◆ **YOUR TASK**:
Return the data below exactly, but only from the line containing "Summer Dresses Sweet" through the line containing "CHINESE CLOISONNE FOLIAGE VASE, QING DYNASTY", with both of those lines included.

◆ **RECORDS FOR THIS EXERCISE**:
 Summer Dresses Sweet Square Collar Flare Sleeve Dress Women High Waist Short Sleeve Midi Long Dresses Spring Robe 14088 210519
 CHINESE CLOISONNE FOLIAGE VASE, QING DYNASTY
--
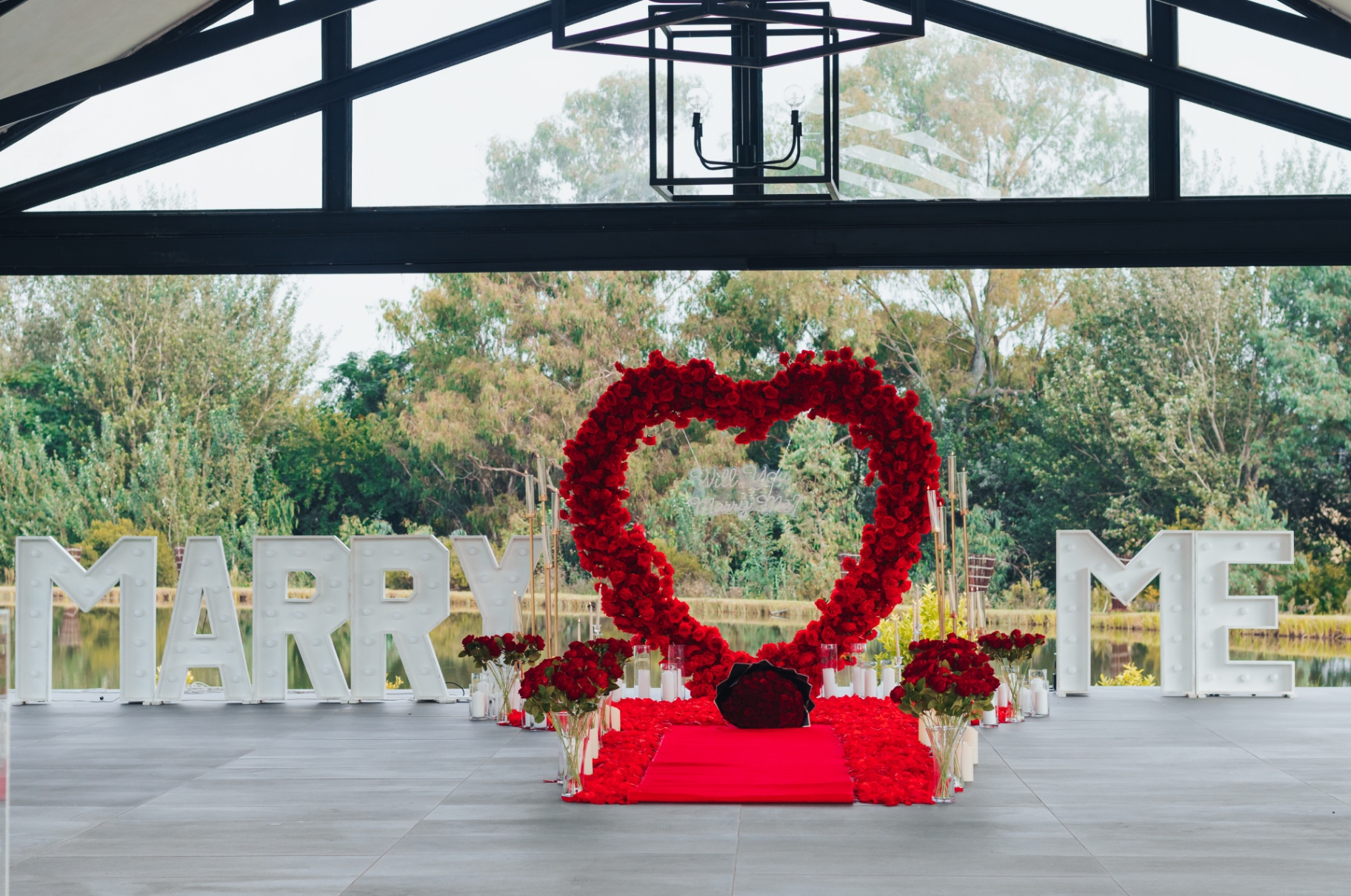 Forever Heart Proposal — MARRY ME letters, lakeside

◆ **ANSWER SPACE**:
 Summer Dresses Sweet Square Collar Flare Sleeve Dress Women High Waist Short Sleeve Midi Long Dresses Spring Robe 14088 210519
 CHINESE CLOISONNE FOLIAGE VASE, QING DYNASTY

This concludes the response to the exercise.